Batı Trakya Türk Azınlığı ve Yunanistan’da yaşayan diğer Müslümanların birçok sorunu var. Eğitim, atanmış-seçilmiş müftülük ve vakıf mallarının iadesi, Batı Trakya Türk Azınlığının statüsü, İskeçe Türk Birliği’nin resmiyeti ve Batı Trakya Türk medyasını, Gündem ve Millet gazeteleri başta olmak üzere, yargı kıskacında sindirme girişimleri bunlardan sadece bir kaçı.
Ancak yıllardır gündemden düşmeyen bir başka sorun daha var: Atina ve Batı Trakya’da cami ve minare inşa edilmesi.
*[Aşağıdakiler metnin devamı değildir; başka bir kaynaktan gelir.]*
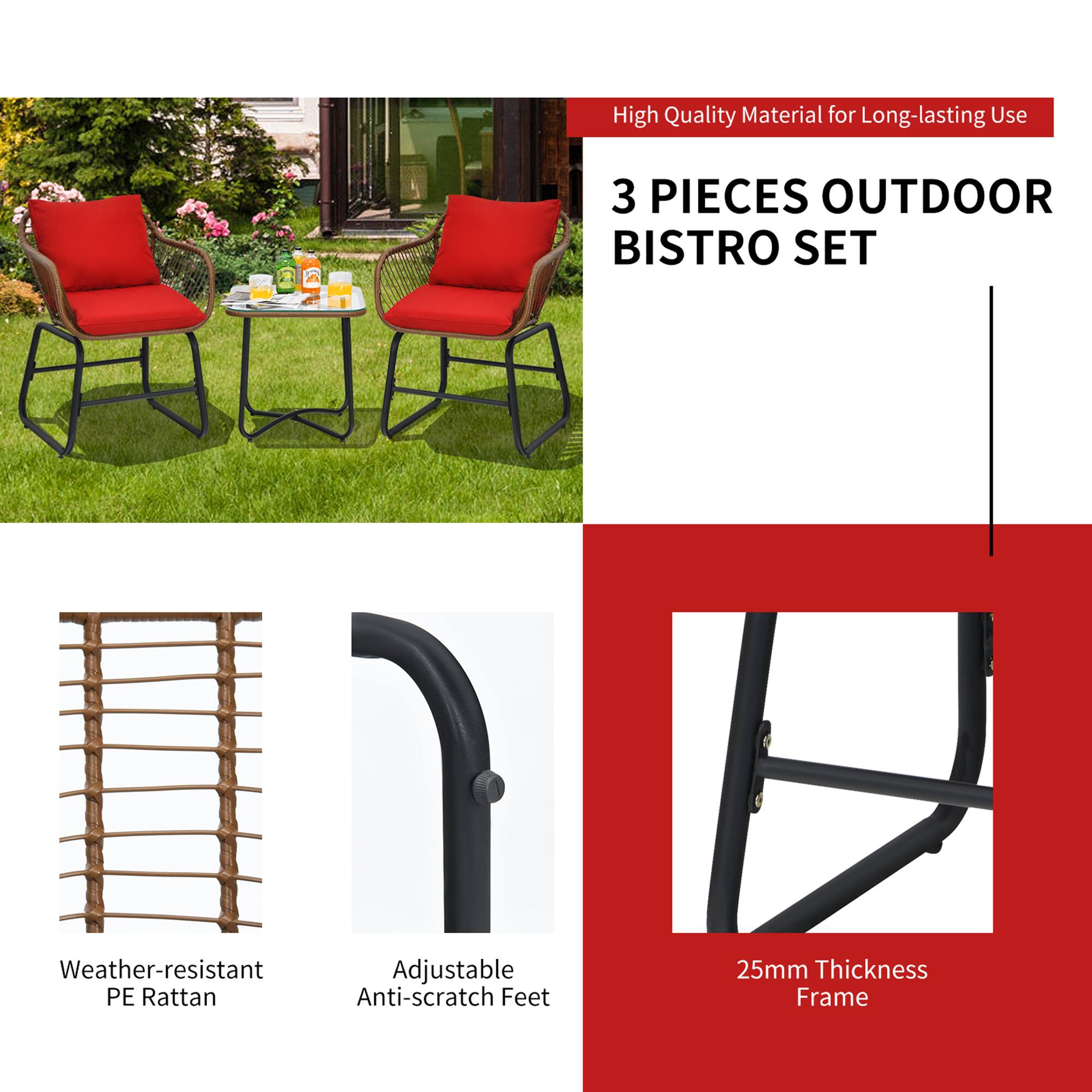 High Quality Material for Long-lasting Use

3 PIECES OUTDOOR BISTRO SET

Weather-resistant PE Rattan

Adjustable Anti-scratch Feet

25mm Thickness Frame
Atina’daki Müslümanlar, yıllardır, apartmanların zemin ya da bodrum katlarındaki derme çatma mescitlerde ibadet etmek durumunda bırakılıyorlar. Bayram namazları da meydanlarda ya da spor salonlarında kılınıyor. Sayıları yüz civarında olan mescitlerin, neredeyse yarısı da kapandı.
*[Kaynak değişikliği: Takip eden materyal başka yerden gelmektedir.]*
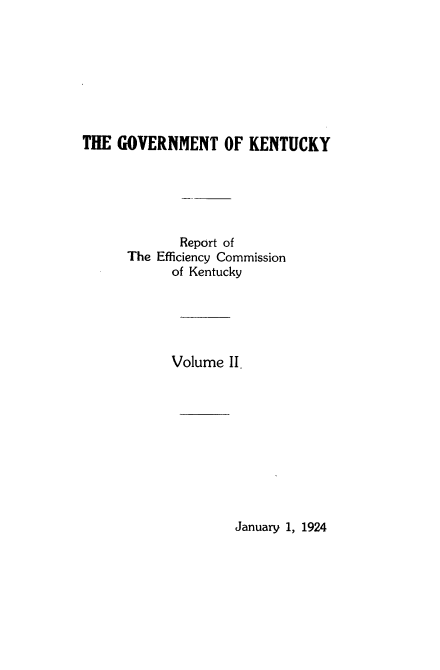 handle is hein.statecon/gkreck0002 and id is 1 raw text is: 








THE  GOVERNMENT OF KENTUCKY






             Report of
      The Efficiency Commission
            of Kentucky





            Volume II.


January 1, 1924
Mescitlerin kapanmasında iki önemli gerekçe var. Mescitler, cemaatin katkıları ile ayakta duruyor. Fakat Yunanistan’da yaşayan çok sayıda Müslüman, daha iyi bir yaşam için, bu ülkeden ayrıldı. Kalanların da, kira ve diğer masrafları karşılama gücü kalmadı. Ancak esas gerekçe, ibadet alanlarının açık kalabilmesi için gerekli şartları tanımlayan genelgenin, Yunanistan Eğitim ve Dinişleri Bakanlığı tarafından katılaştırılması ve polisin mescitlere kilit vurması.
Hali hazırda açık olan mescitler ise sürekli polis ve Yunan ırkçılarının baskı ve tehdidi altında bulunuyor. Atina’daki Yunan-Arap Kültür Merkezi mescidine kesik domuz başı bırakılması, meselenin hangi boyuta ulaştığını açıkça ortaya koyuyor.
Yapımı yılan hikâyesine dönen Atina Camii de, oldukça eski bir mesele.Yunan idaresi, Pire’de ‘Türk Camii’ inşa edilmesi maksadıyla, 1851 ve 1890 yıllarında, Osmanlı hükümetine 554 metrekarelik arsa tahsis etti.
Daha sonra 1934 yılında 6244 sayılı yasayla, Atina’ya cami ve Mısır Enstitüsü’nün inşa edilmesi için Mısır hükümetine, 3 bin 350 metrekarelik arsa tahsis edildi.
Takvimler 2000’i gösterdiğinde, 2004 Olimpiyat Oyunları vesilesiyle hazırlanan 2833 sayılı kanunda, Peania bölgesine İslam Kültür Merkezi kurulması öngörüldü.
Altı yıl sonra hazırlanan bir diğer yasada ise Yunan idaresinin, Atina’ya cami inşa etmesi ve idarenin Eğitim Bakanlığı denetimindeki karma komite tarafından sağlanmasını öngörüyordu.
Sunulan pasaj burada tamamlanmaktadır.